• **Exercise objective**
For the material below, reproduce exactly each line from the one that has "MINI COUNTRYMAN 2023 — Photo 3/20" through the one that has "Mönstrad stickad - Mönstrad", and no others; pictures stay out.

• **Records supplied**
+===+

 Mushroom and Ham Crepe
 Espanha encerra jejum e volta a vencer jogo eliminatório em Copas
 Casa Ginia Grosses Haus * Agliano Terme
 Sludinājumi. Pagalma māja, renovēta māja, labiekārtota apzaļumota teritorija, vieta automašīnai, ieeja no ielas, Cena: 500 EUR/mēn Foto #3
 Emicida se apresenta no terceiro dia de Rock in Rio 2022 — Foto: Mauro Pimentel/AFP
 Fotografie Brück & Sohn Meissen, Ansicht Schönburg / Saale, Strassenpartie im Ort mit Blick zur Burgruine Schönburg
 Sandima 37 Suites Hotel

+===+

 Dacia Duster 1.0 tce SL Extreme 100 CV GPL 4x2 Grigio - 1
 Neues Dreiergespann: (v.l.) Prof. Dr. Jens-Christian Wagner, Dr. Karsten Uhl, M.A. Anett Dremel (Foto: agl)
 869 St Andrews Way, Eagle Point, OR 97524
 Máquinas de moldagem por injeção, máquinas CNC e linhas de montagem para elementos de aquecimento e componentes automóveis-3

+===+

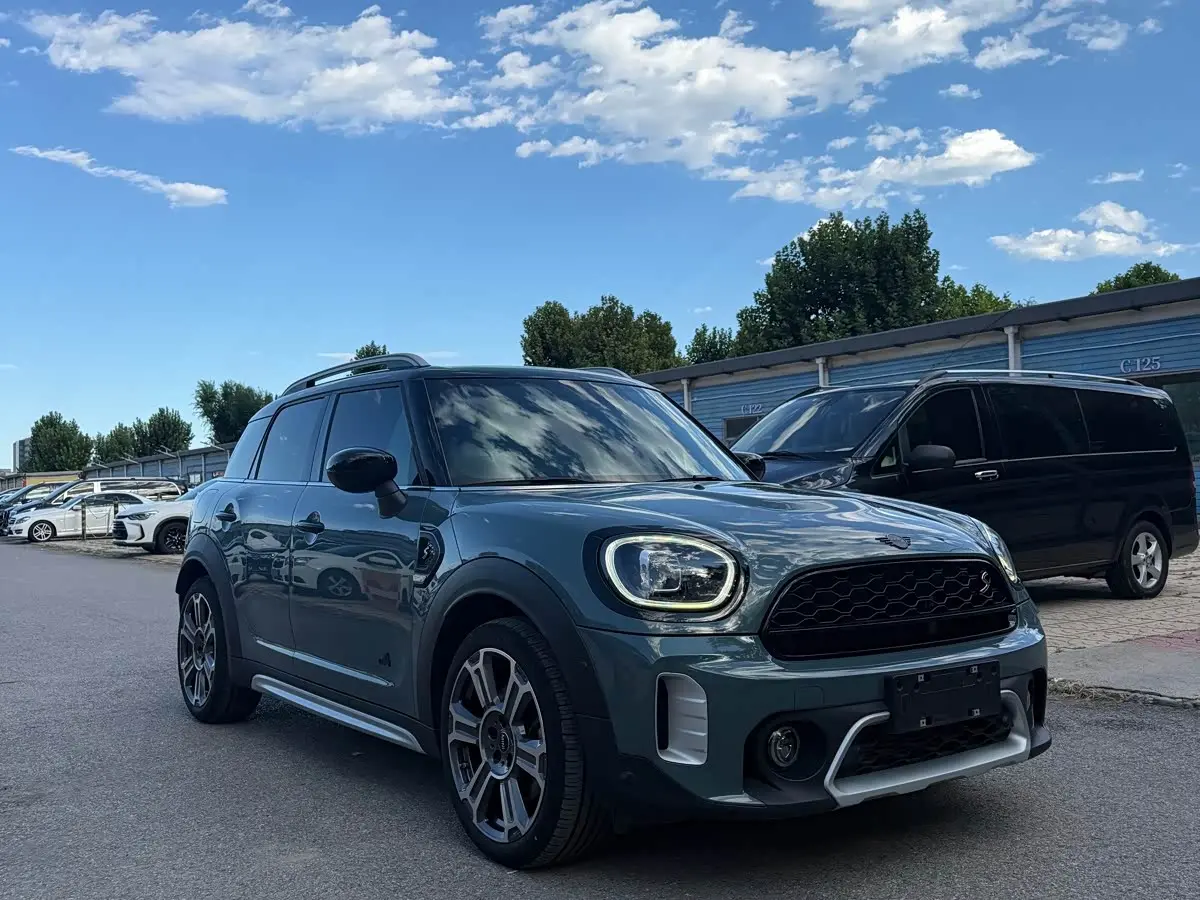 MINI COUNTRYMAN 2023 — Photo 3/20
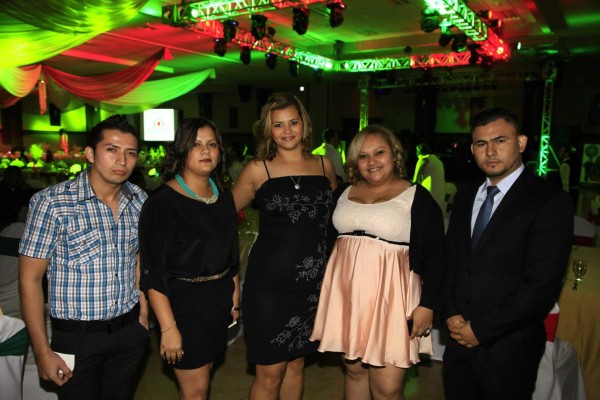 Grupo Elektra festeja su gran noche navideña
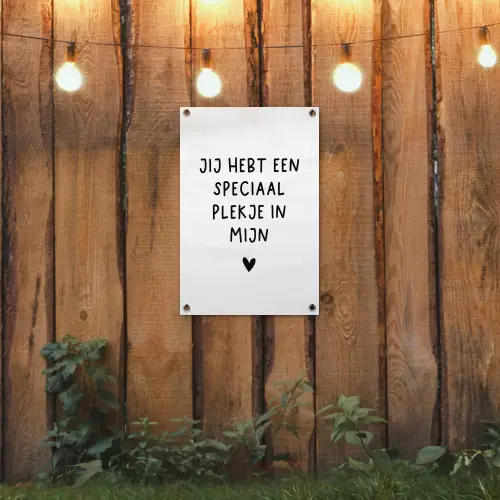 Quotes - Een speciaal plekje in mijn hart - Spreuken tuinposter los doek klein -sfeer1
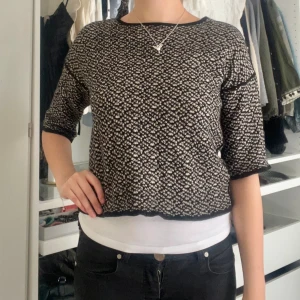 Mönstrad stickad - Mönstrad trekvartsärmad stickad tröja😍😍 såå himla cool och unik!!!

+===+

• **Task result**
 MINI COUNTRYMAN 2023 — Photo 3/20
 Grupo Elektra festeja su gran noche navideña
 Quotes - Een speciaal plekje in mijn hart - Spreuken tuinposter los doek klein -sfeer1
 Mönstrad stickad - Mönstrad trekvartsärmad stickad tröja😍😍 såå himla cool och unik!!!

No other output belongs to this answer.